Short web captions:
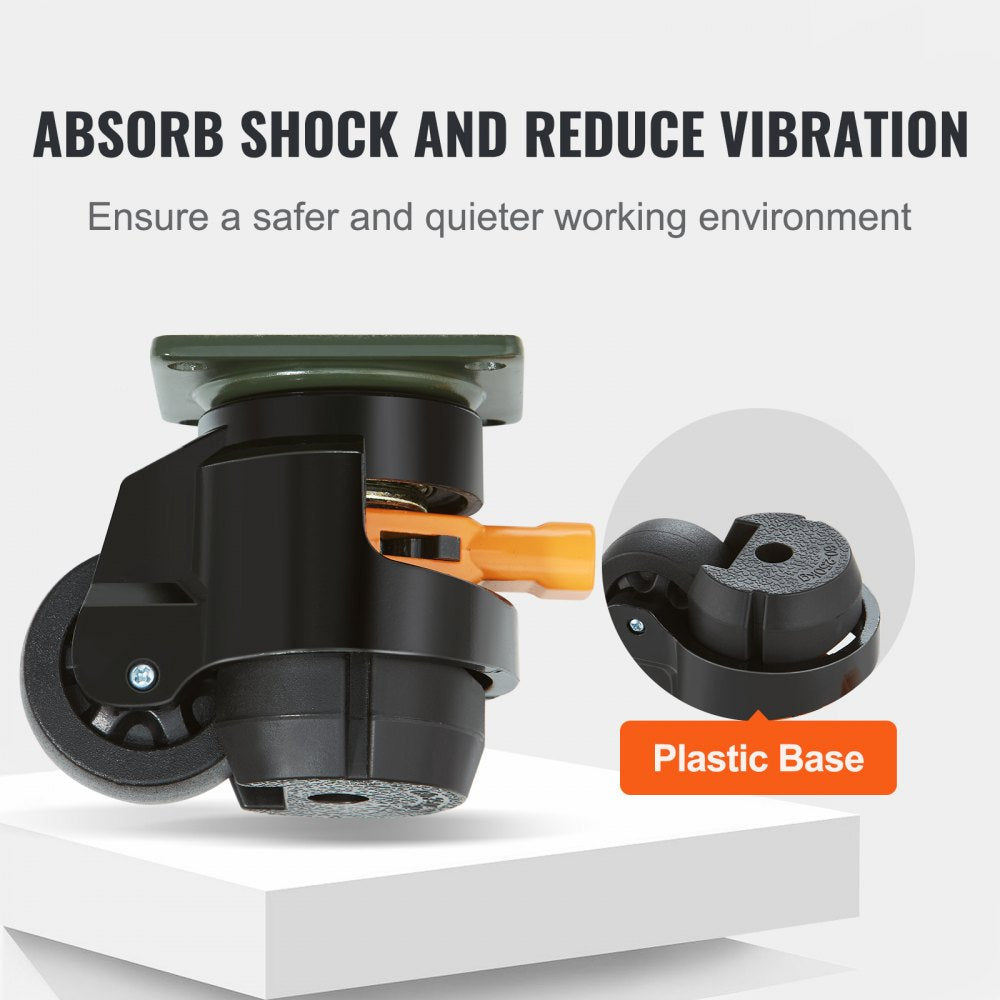 VEVOR Leveling Casters, 4-Pack Heavy Duty 360° Swivel Caster Wheels Hold up to 1100 lbs Load, 2 inches Caster Diameter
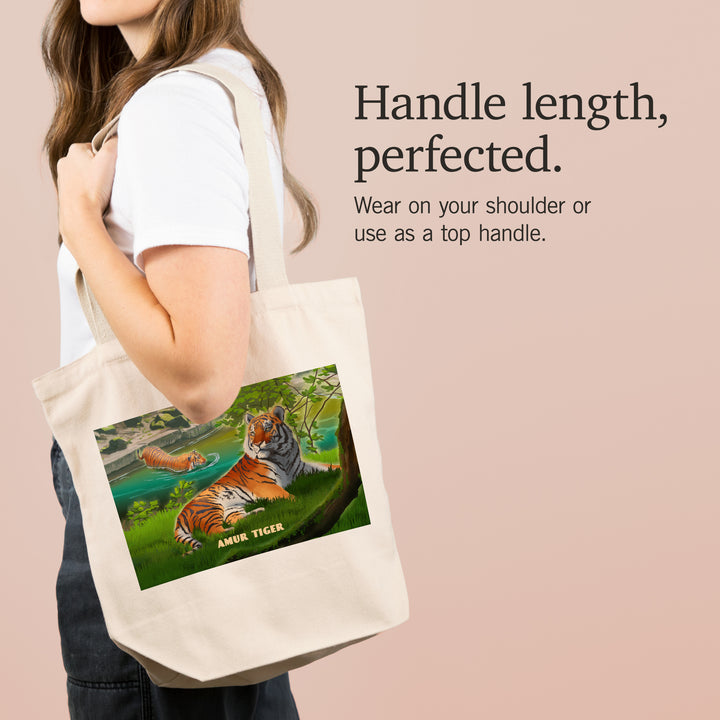 Lithograph Wildlife Amur (Siberian) Tiger, Tote Bag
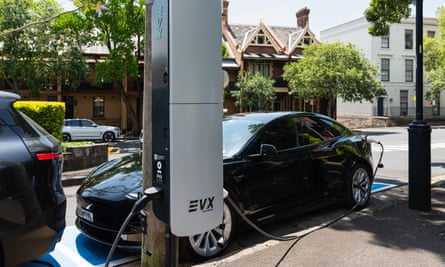 EVX pole-mounted electric car charger in Sydney.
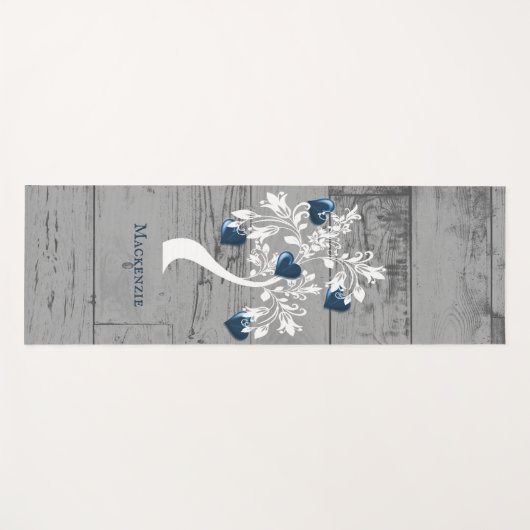 Blue Tree of Hearts Personalized Yoga Mat (Voorkant (horizontaal))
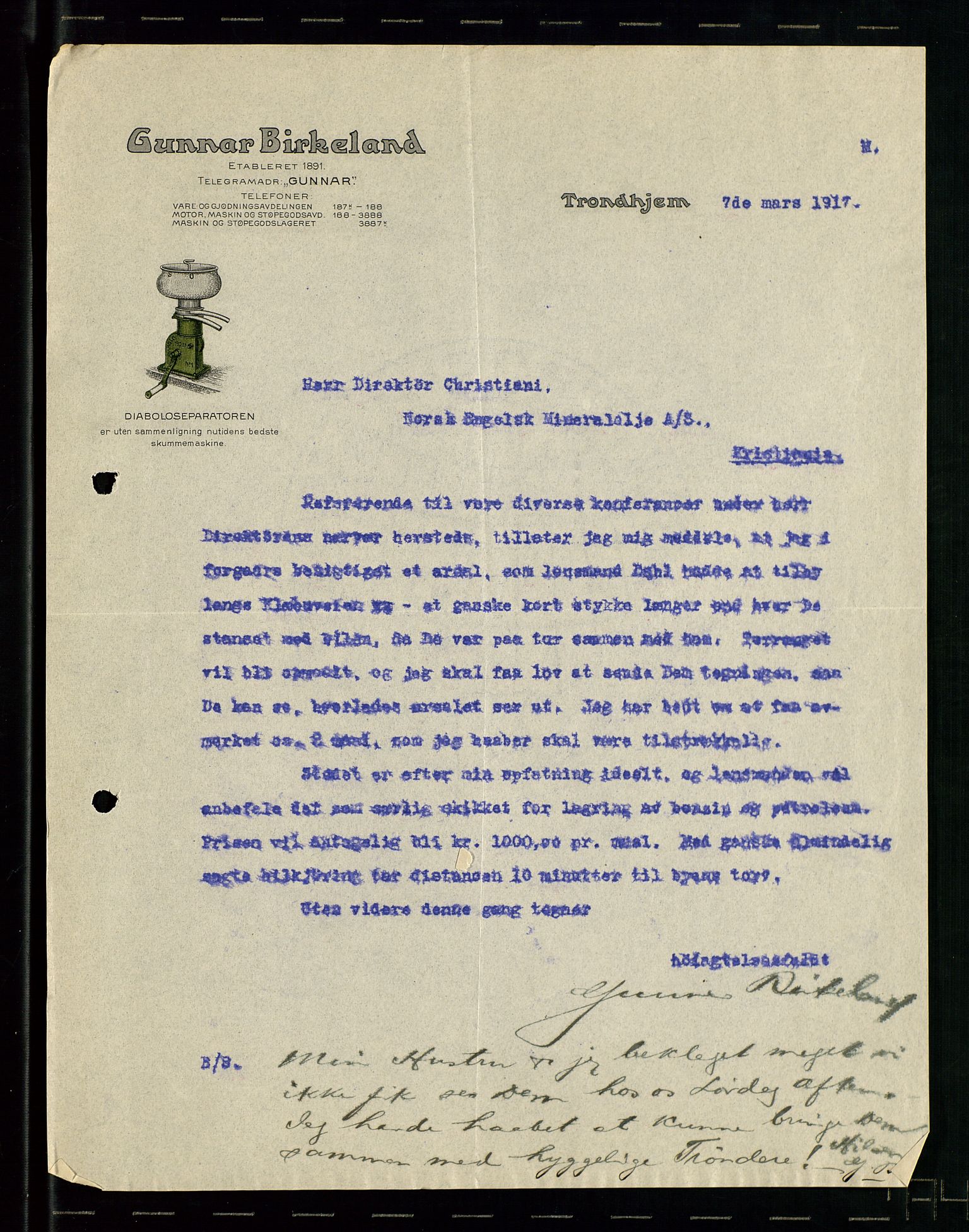 Pa 1521 - A/S Norske Shell, SAST/A-101915/E/Ea/Eaa/L0001: Sjefskorrespondanse, 1917, p. 698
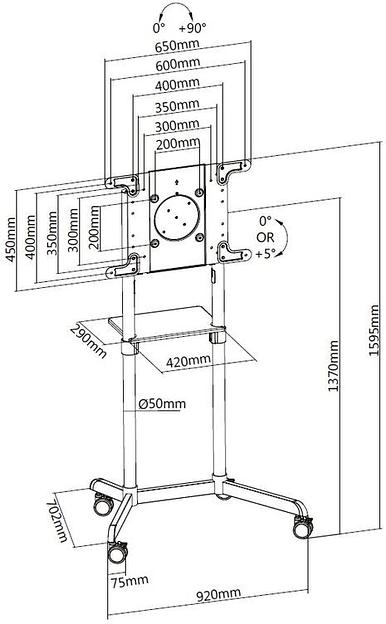 Кронштейн DSM-P566 Мобильная стойка для Samsung WM55 и WM65 фото 6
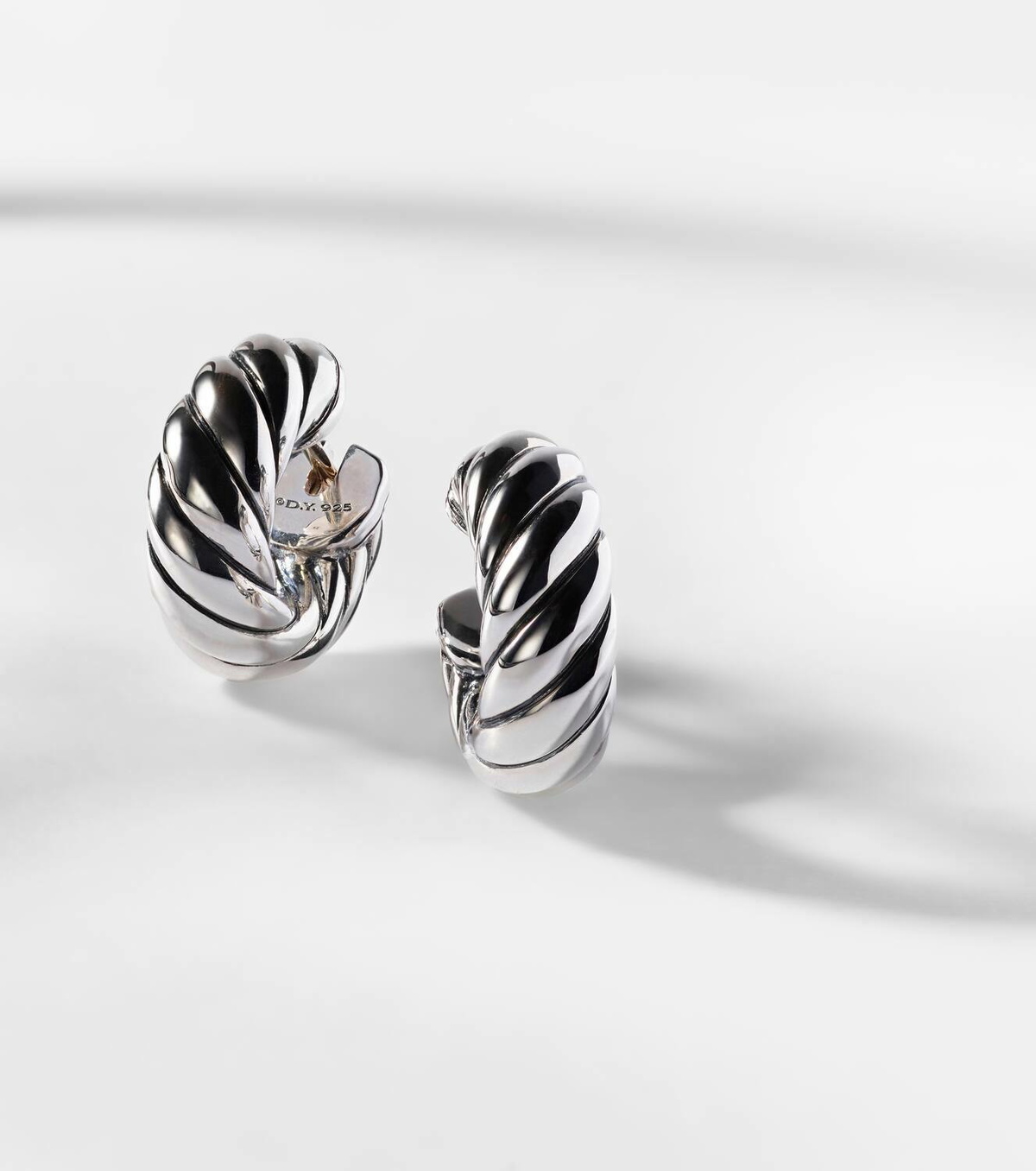 David Yurman Sculpted Cable sterling silver hoop earrings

Exercise instructions ::
Drop the pictures and reproduce the rest of the data above exactly.

Exercise solution ::
 VEVOR Leveling Casters, 4-Pack Heavy Duty 360° Swivel Caster Wheels Hold up to 1100 lbs Load, 2 inches Caster Diameter
 Lithograph Wildlife Amur (Siberian) Tiger, Tote Bag
 EVX pole-mounted electric car charger in Sydney.
 Blue Tree of Hearts Personalized Yoga Mat (Voorkant (horizontaal))
 Pa 1521 - A/S Norske Shell, SAST/A-101915/E/Ea/Eaa/L0001: Sjefskorrespondanse, 1917, p. 698
 Кронштейн DSM-P566 Мобильная стойка для Samsung WM55 и WM65 фото 6
 David Yurman Sculpted Cable sterling silver hoop earrings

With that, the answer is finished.